Поэт, утверждает Липранди, «никогда не видел дочери Карагеоргия», которой в это время к тому же было, по его подсчётам, «не более 6–7 лет». Не видел же её потому, что хотя «мать её, в начале 1820 года, приезжала на некоторое время в Кишинёв», но постоянно здесь с дочерью не жила и «месяца за три до приезда Пушкина, возвратилась в Хотин; Пушкин же, что я знаю положительно, никогда в Хотине не был…». Здесь мемуарист ошибся: во-первых, в Бессарабии после смерти Георгия Чёрного оставались две из четырёх его дочерей, старшая из которых была уже сама вдовою. Сербский биограф Карагеоргия, сообщающий эти сведения, добавляет, что муж Сары — так звали старшую дочь — умер в Хотине в 1816 году. Из другого источника известно, что обе вдовы, мать со старшей дочерью, неоднократно приезжали в 1820 году в Кишинёв по личным своим делам к наместнику Бессарабии, генерал-лейтенанту Инзову, в особняке которого обосновался опальный поэт вскоре по прибытии в город. Словом, Пушкин мог видеть молодую вдову в промежутке между 21 сентября и 5 октября — датой написания «Дочери Карагеоргия». О том же, что стихотворение обращено к старшей дочери, а не к ребёнку, свидетельствует сам его текст:

Гроза луны, свободы воин, Покрытый кровию святой, Чудесный твой отец, преступник и герой, И ужаса людей, и славы был достоин. Тебя, младенца, он ласкал На пламенной груди рукой окровавленной; Твоей игрушкой был кинжал. Братоубийством изощренный… Как часто, возбудив свирепой мести жар, Он, молча, над твоей невинной колыбелью Убийства нового обдумывал удар И лепет твой внимал, и не был чужд веселью! Таков был: сумрачный, ужасный до конца. Но ты, прекрасная, ты бурный век отца Смиренной жизнию пред небом искупила: С могилы грозной к небесам Она, как сладкий фимиам, Как чистая любви молитва, восходила.

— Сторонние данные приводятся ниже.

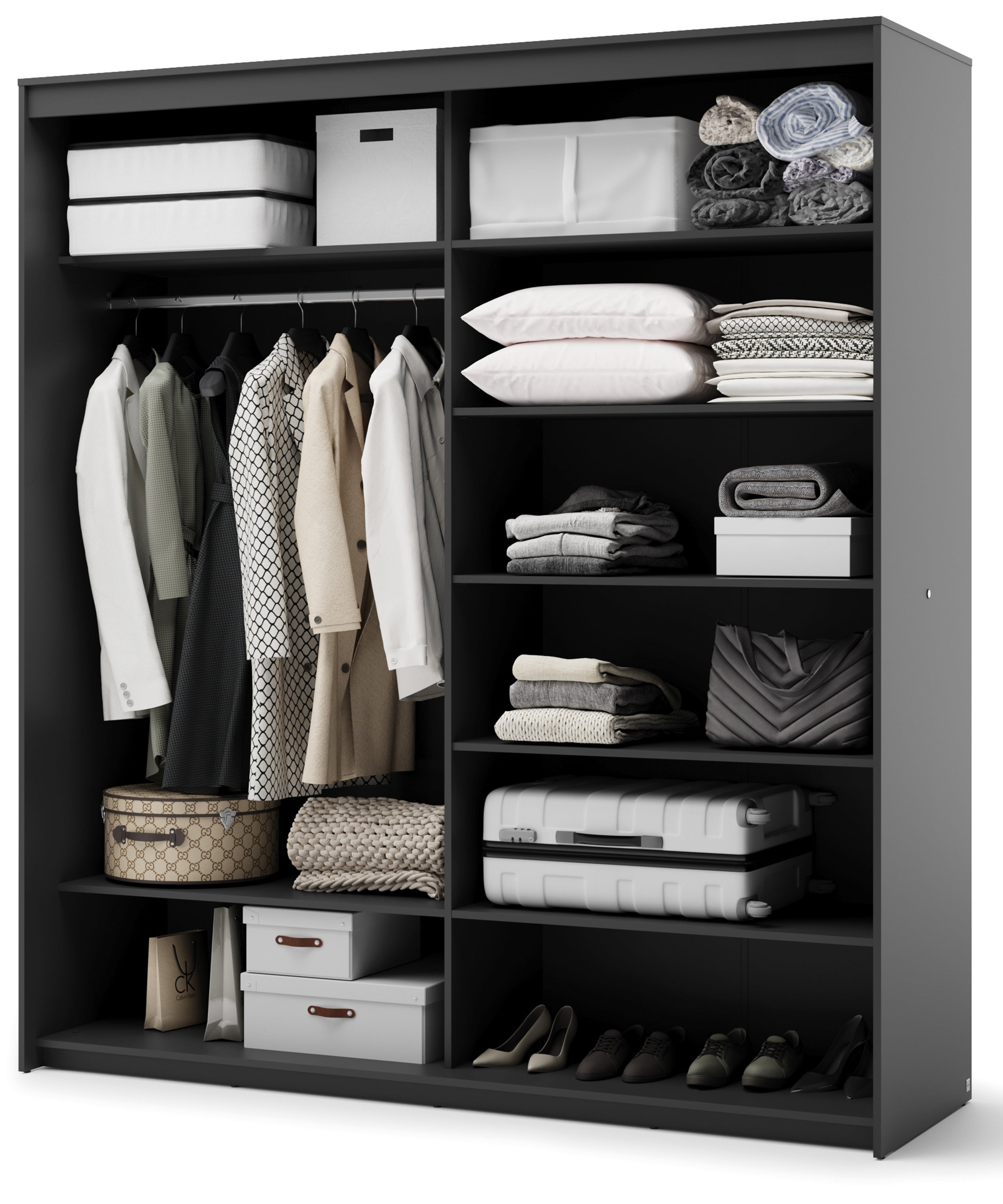 Schiebetürenschrank Trend, zweitürig, mit Spiegel und Beleuchtung, 200 cm, geriffeltes Frontdesign, schwarz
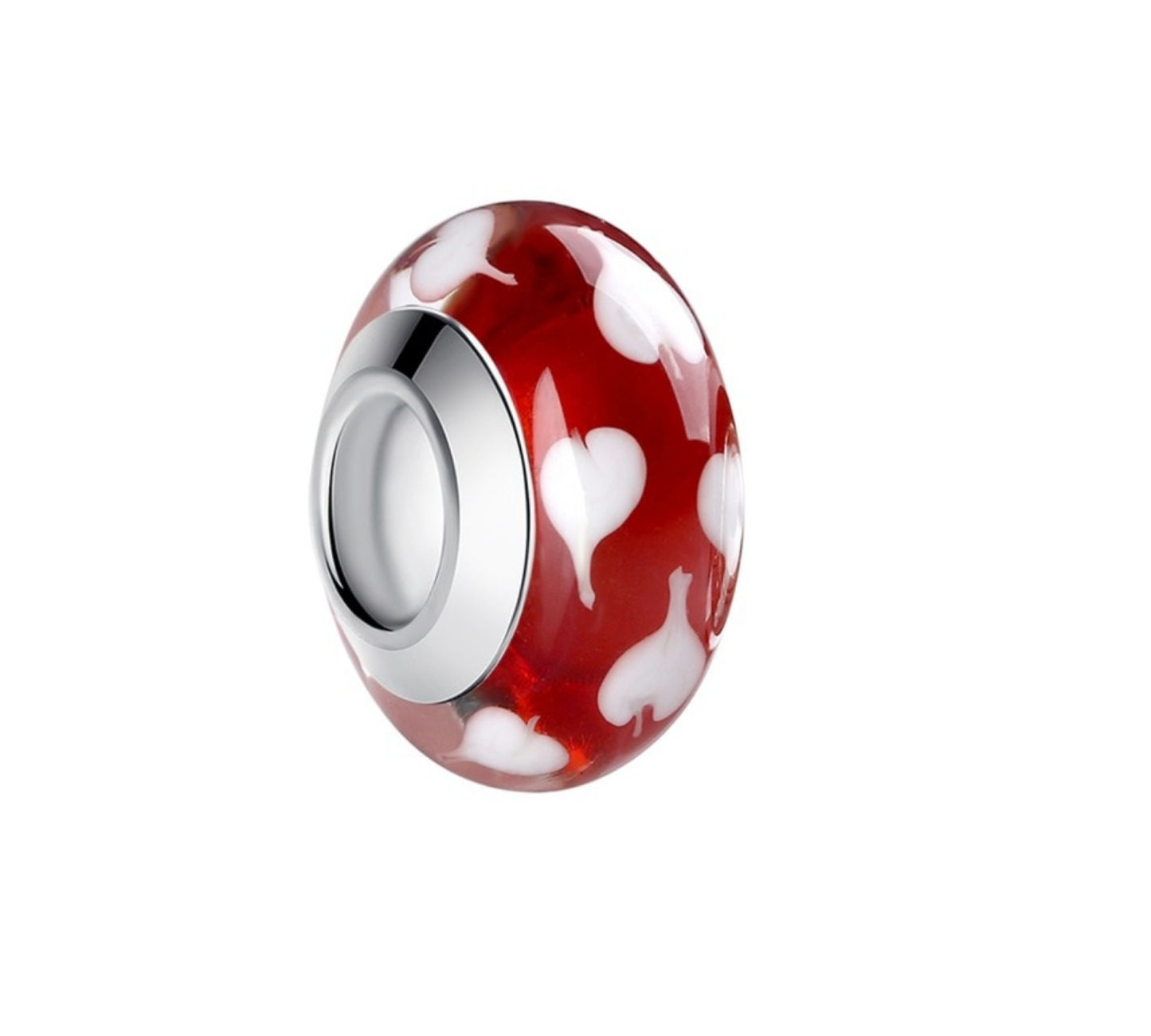 Sterling Silver Red Hearts Glass Bead Charm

Конечно, эти строки, сразу видно (сразу бы увидел и Липранди, перечитай он стихотворение), обращены не к ребенку «6–7 лет». Возраст слишком малый, недостаточный, чтобы «смиренной жизнью» искупить «бурный век отца». Для такого искупления понадобилась жизнь сознательная, духовно-деятельная. Понадобилась осмысленная «чистая любви молитва». Дочь, во мнении поэта, встаёт вровень с великим своим отцом и в чём-то существенном как личность даже превосходит его, потому что осознанным подвигом смирения и любви ходатайствует за отца, искупает его страшные деяния…

Какой необычный для молодого Пушкина женский образ, удивимся мы. Какой решительный порыв к новому пониманию женской красоты — не внешней «прелести», но красоты сокровенной, целомудренно-чистой; порыв к тому идеалу женского естества, который будет отныне реять перед Пушкиным до конца его дней — то в облике «гения чистой красоты», то в образе Татьяны, то в лике мадонны.

Да и всё это стихотворение в целом — порыв в совершенно новую для поэта реальность, настолько ещё странную, неосвоенную, что он будто замирает на полпути. Какие загадочно-величественные — хочется добавить: преувеличенные — образы, какая вдруг малопривычная для Пушкина сумрачная и вместе с тем торжественная живопись!

Карагеоргий для него одновременно «преступник и герой», достойный ужаса и восхищения. Не этот ли самый принцип изображения разовьется затем в характеристике Петра из «Полтавы»: «Лик его ужасен. Движенья быстры. Он прекрасен. Он весь, как божия гроза…»

Ощущается громадность впечатления, произведенного личностью Георгия Чёрного на поэта. И может быть, некоторая растерянность руки, неспособность пока что передать эти впечатления без помощи чрезмерных образов, расплывающихся в своих мрачных очертаниях. Поэт как бы зачарован этим безгласным пока видением. Пушкину понадобятся годы, чтобы это самому себе внушённое наваждение рассеялось, и он узрел иного Георгия Чёрного — в человеческой плоти, твёрдо стоящего на земле.